Reputation: 181
I know there is a profiling tool called flame graph that is able to quickly identify the performance bottleneck of a binary.
Actually I don’t need to know the performance stats. Instead, I am only interested in the stack trace. The flame graph is able to visualize all the history stack trace. Flamegraph can contain much more info than a traditional GDB crash stacktrace because it remembers all history function calls.
So my question is : can flamegraph satisfy what I am looking for? I heard that flamegraph do samplings, so I am afraid it will lose function calls.

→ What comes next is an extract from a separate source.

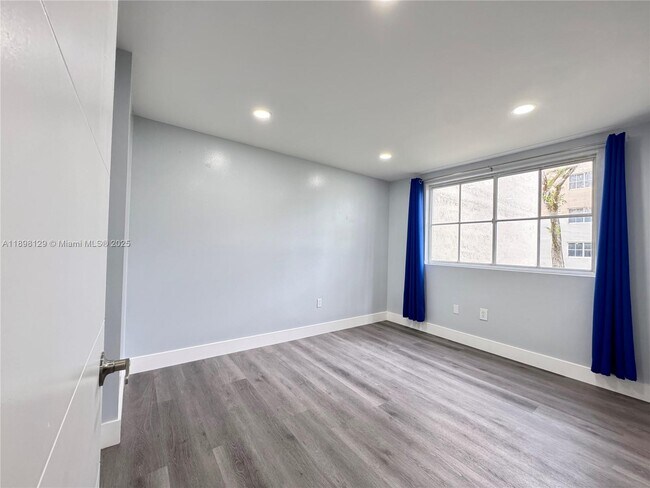 Building Photo - 6175 NW 186th St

I found many flamegraph examples from this webpage: https://www.brendangregg.com/FlameGraphs/cpuflamegraphs.html#C++. The flamegraph is exactly what I am looking for, because I can zoom in and out to check the function calls. The only concern here is: I heard that prof tool such as perf only do sampling to collect stacktraces by a sampling ratio, so the flamegraph might not faithfully demonstrate all function calls.
In short, what I am looking for is: flamegraph minus the performance stats but plus the 100% function call histories.
Upvotes: 2
Views: 929
Reputation: 181
I just figured out a way to achieve my goal. It's a hack by leveraging existing flamegraph function.
Step 1: instrument the code base by a patch similar to following:
+#include <iostream>
+#include <vector>
+#include <sstream>
+
+extern thread_local std::vector<std::string> thread_local_stack;
+
+struct tracer_t {
+ tracer_t(std::string method) {
+ thread_local_stack.emplace_back(std::move(method));
+ std::ostringstream oss;
+ for (int i = 0; i < thread_local_stack.size(); ++i) {
+ if (i) {
+ oss << ";";
+ }
+ oss << thread_local_stack[i];
+ }
+ printf("%s 1", oss.str().c_str());
+ }
+
+ ~tracer_t() {
+ thread_local_stack.pop_back();
+ }
+};
+
+inline std::string methodName(const std::string& prettyFunction)
+{
+ size_t colons = prettyFunction.find("::");
+ size_t begin = prettyFunction.substr(0, colons).rfind(" ") + 1;
+ size_t end = prettyFunction.rfind("(") - begin;
+
+ return prettyFunction.substr(begin,end) + "()";
+}
+
+#define __METHOD_NAME__ methodName(__PRETTY_FUNCTION__)
+
+#define LOG_CALL tracer_t _token(__METHOD_NAME__)
declare the thread local stack somewhere:
+thread_local std::vector<std::string> thread_local_stack;
add LOG_CALL
macro at the beginning of the functions you want to trace. There might be hundreds of them, I am not aware of any automatic tool, so I added it manually.
The above code works in clang compiler.
step 2: compile the code, and run a test case that you are interested in. We will get the traces. The content should look like this:
func1 1
func1;func2 1
func1;func2;func3 1
func1;func2;func4 1
func1;func2;func3 1
func2 1
...
The above format is recognizable by flamegraph tool from https://github.com/brendangregg/FlameGraph/blob/master/flamegraph.pl. I learned this format by trying this example: https://github.com/brendangregg/FlameGraph/blob/master/files.pl
step 3: run the flamegraph with "--flamechart" option because we want the X axis sorted by time and disable the "auto-merging" in flamegraph.
The difference between "flamechart" and "flamegraph" is: flamegraph is designed to study perf bottleneck, so many samples are merged (sum). For this post's purpose, we need to sort the X-axis by time and never merge.
Use the following cmd:
cat ~/d/output.txt | ./flamegraph.pl --hash --countname=bytes --flamechart > /tmp/out.svg
Then I got the flamechart that I want in out.svg.
Upvotes: 1